Clay blogt zwei Meinungen über Erfahrungen mit Wikis, die beide - aus ganz unterschiedlichen Gründen - eher negativ sind. Beide haben durchaus ihre Argumente und sind nicht einfach von der Hand zu weisen.
[My Brilliant Failure: Wikis In Classrooms | Kairosnews
, Connected, Distributed Work via Many-to-Many: WhyWikiWorksNot: 2004 Dance Re-mix]
Da ich im Moment ein Projekt begleite, bei dem es um ein Wiki geht, interessiert es mich ganz besonderns, welche negativen Erfahrungen andere gemacht haben.

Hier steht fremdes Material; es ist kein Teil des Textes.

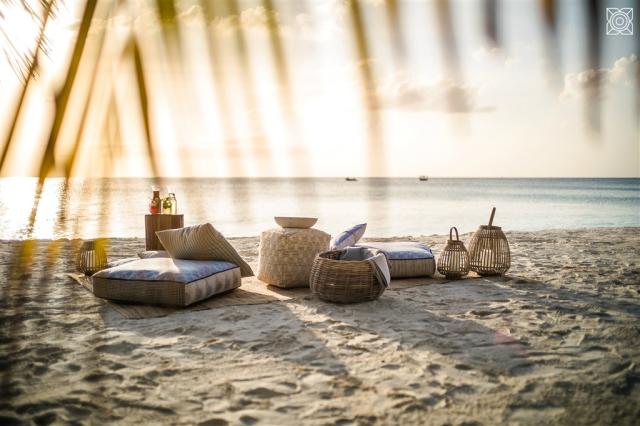 Zuri Zanzibar Hotel & Resort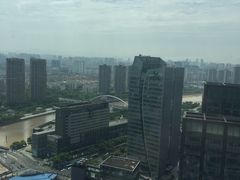 -宁波威斯汀酒店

Ich stelle diesen meine Ideen gegenüber und gehe auf die Schritte ein, die wir tun müssen/sollten, um mehr Erfolg zu haben.
Und weil ich Optimist bin: Die Idee ist gut, jetzt müssen wir es nur noch umsetzten ;)

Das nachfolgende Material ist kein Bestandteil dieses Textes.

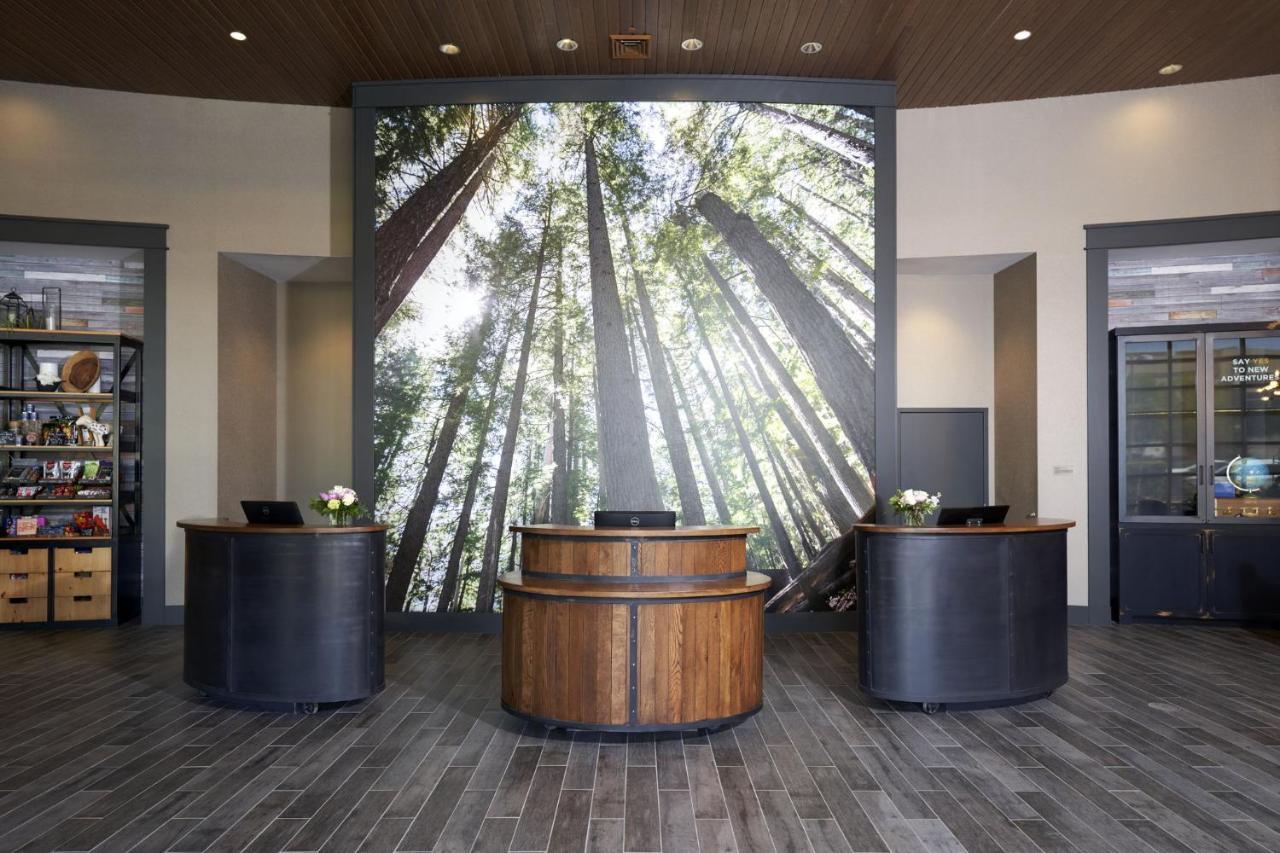 Archer Hotel Seattle/Redmond Exterior foto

To really use a wiki, the participants need to be in control of the content- you have to give it over fully.[My Brilliant Failure: Wikis In Classrooms | Kairosnews]
Dieser Punkt ist durchaus einsehbar, vor allem wenn man davon ausgeht, das exakt diese Idee hinter einem Wiki steckt: jeder hat jederzeit vollen Zugang zu allen Inhalten.
80% of my time goes into coordination - communicating with people. […] We made an effort to introduce all involved to the concept of Wiki and use it wherever possible to reduce the time and effort spent in writing/forwarding e-mails and communicating the same idea to a million people in a million ways (ok I’m exaggerating here). However all efforts went in vain.
[…]
Editing other people’s work might only lead to more friction in a diverse work environment than increase the amount of trust. Access control/workflow is the only way to preserve integrity. [Connected, Distributed Work]
Stellt sich die Frage, warum alle Versuche, den Nutzern das Wiki näher zu bringen, gescheitert sind - und, ob man trotz der ursprünglichen Intention von Wikis, dem echten Leben nicht doch den Vorzug geben sollte und Workflow und Zugriffsrechte definieren sollte.
Ein solches Wiki wäre kein echtes Wiki mehr, denn dort gibt es keine unterschiedlichen Rechte oder Aufgaben, jedenfalls keine formalisierten. Informell mag man sich durchaus auf so etwas wie einen Workflow geeinigt haben - vielleicht sogar auf eine Art Schreibschutz für auf bestimmte Weise markierte Inhalte. Doch schon beim Lesezugriff scheitert dieses Modell, denn über die Suche kann man per Zufall über etwas stoßen, das man eigentlich nicht lesen sollte/dürfte/wollte.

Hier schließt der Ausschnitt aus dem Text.